- Opening Delimiter -

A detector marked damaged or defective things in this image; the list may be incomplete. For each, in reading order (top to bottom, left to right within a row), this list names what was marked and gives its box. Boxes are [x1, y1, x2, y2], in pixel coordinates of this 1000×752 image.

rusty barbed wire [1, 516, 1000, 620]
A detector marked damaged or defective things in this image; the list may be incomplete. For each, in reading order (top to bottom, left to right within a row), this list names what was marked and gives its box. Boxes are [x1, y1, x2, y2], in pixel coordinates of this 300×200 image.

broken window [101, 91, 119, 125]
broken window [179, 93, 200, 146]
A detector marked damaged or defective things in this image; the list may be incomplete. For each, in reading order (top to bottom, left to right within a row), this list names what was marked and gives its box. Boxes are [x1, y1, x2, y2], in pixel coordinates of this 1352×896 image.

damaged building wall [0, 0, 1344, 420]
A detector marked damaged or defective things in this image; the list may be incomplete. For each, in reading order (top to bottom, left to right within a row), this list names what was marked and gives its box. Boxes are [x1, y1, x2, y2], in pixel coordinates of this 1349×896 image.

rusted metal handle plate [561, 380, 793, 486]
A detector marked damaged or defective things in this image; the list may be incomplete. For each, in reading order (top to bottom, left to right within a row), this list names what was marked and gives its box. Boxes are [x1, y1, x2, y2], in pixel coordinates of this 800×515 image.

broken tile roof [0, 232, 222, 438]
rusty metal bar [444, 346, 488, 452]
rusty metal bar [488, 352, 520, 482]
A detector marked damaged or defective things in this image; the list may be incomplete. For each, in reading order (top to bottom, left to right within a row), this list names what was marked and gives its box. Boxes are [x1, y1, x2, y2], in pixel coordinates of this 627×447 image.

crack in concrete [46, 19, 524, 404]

- Closing Delimiter -

== Problem requirements ==
The answer is to be the lines from the one holding "this 800×515 image." through the end of the data above, transcribed character for character, both ends included.

== Answer below ==
A detector marked damaged or defective things in this image; the list may be incomplete. For each, in reading order (top to bottom, left to right within a row), this list names what was marked and gives its box. Boxes are [x1, y1, x2, y2], in pixel coordinates of this 800×515 image.

broken tile roof [0, 232, 222, 438]
rusty metal bar [444, 346, 488, 452]
rusty metal bar [488, 352, 520, 482]
A detector marked damaged or defective things in this image; the list may be incomplete. For each, in reading order (top to bottom, left to right within a row), this list names what was marked and gives its box. Boxes are [x1, y1, x2, y2], in pixel coordinates of this 627×447 image.

crack in concrete [46, 19, 524, 404]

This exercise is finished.